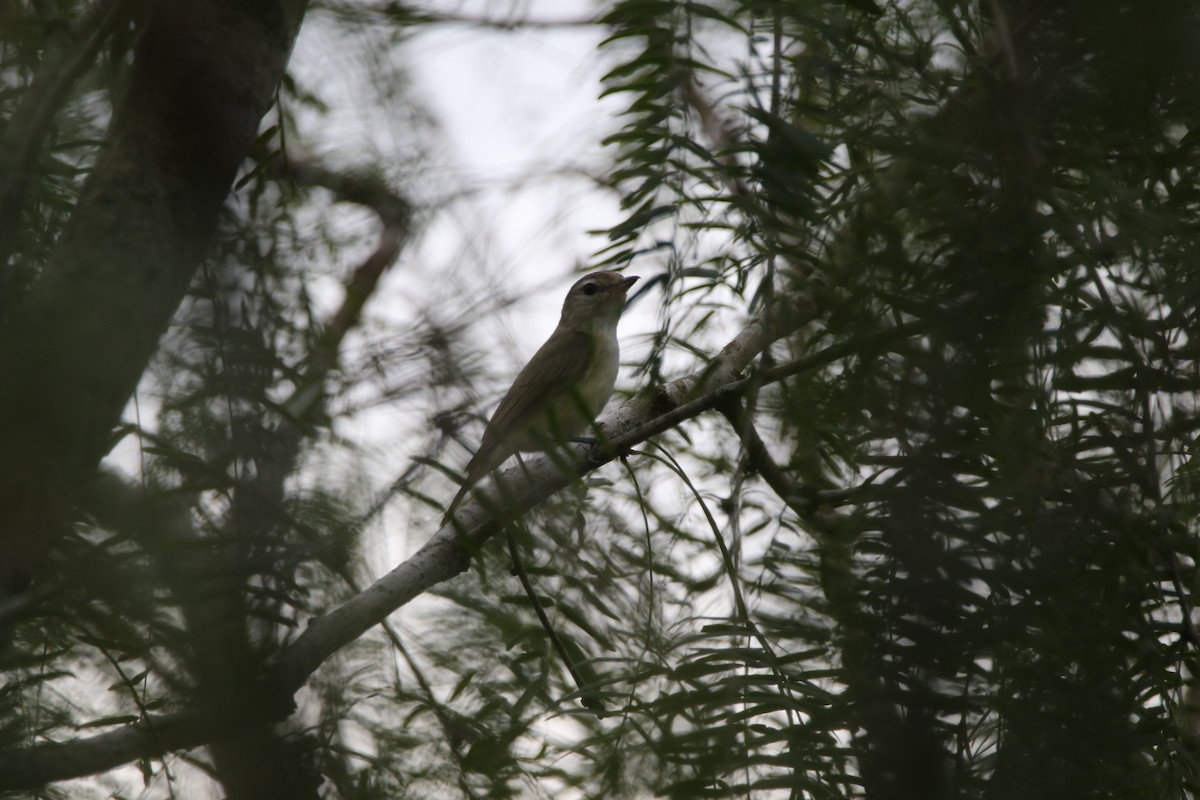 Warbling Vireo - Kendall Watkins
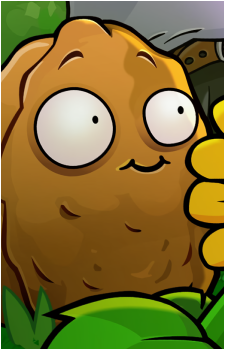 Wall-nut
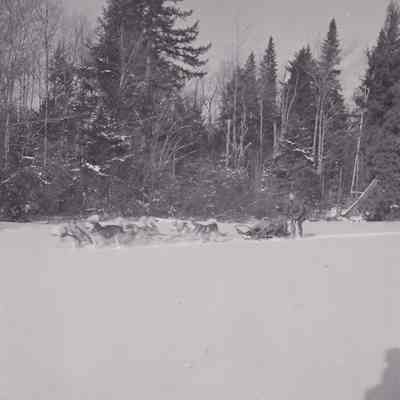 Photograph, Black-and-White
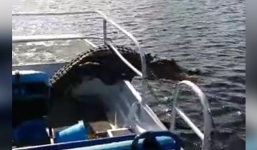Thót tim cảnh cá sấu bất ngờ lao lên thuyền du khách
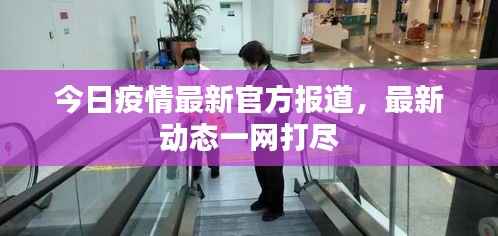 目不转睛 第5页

----------------------------------------

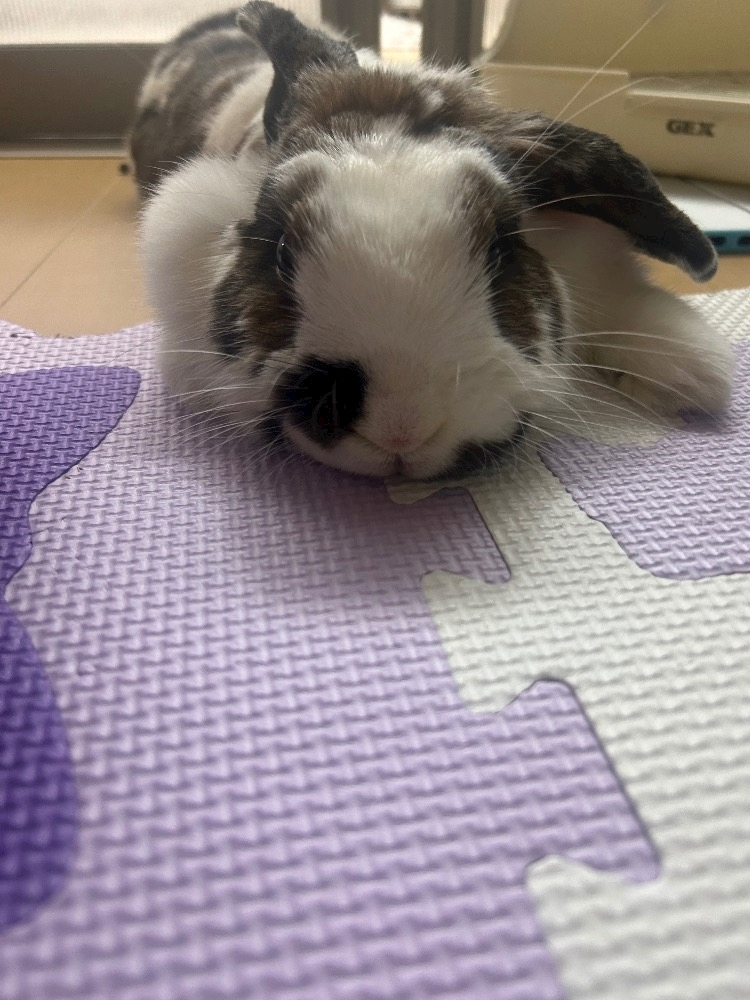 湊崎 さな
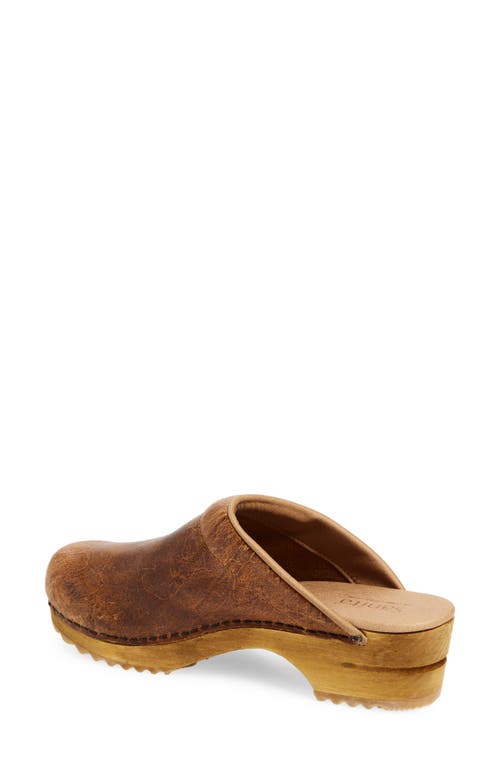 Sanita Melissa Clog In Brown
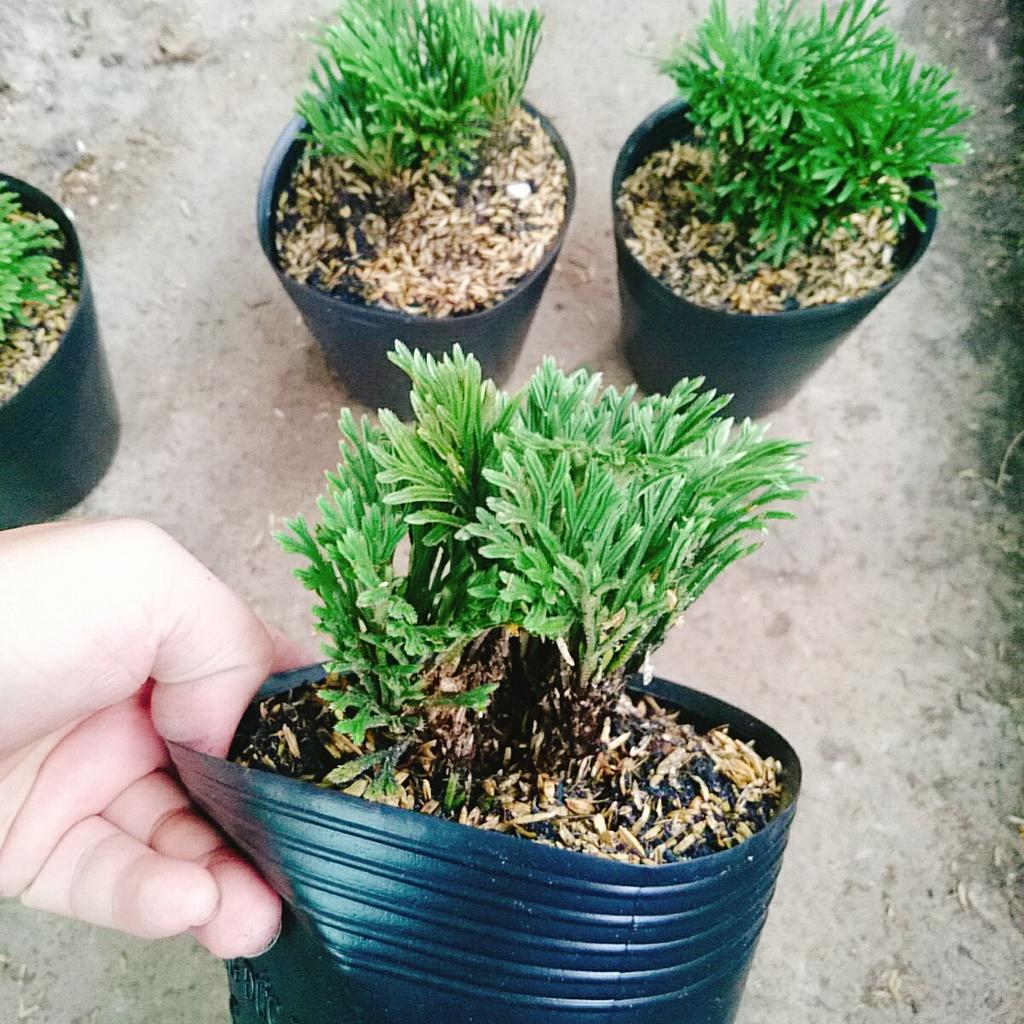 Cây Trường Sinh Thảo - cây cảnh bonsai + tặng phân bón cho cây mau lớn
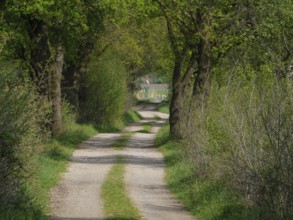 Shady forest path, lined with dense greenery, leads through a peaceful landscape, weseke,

----------------------------------------

### Your instructions
Beginning at the line above that contains "Cây Trường Sinh" and going on through the line that contains "Shady forest path, lined", please copy every line exactly, leaving the pictures out and adding nothing.

### Expected answer
 Cây Trường Sinh Thảo - cây cảnh bonsai + tặng phân bón cho cây mau lớn
 Shady forest path, lined with dense greenery, leads through a peaceful landscape, weseke,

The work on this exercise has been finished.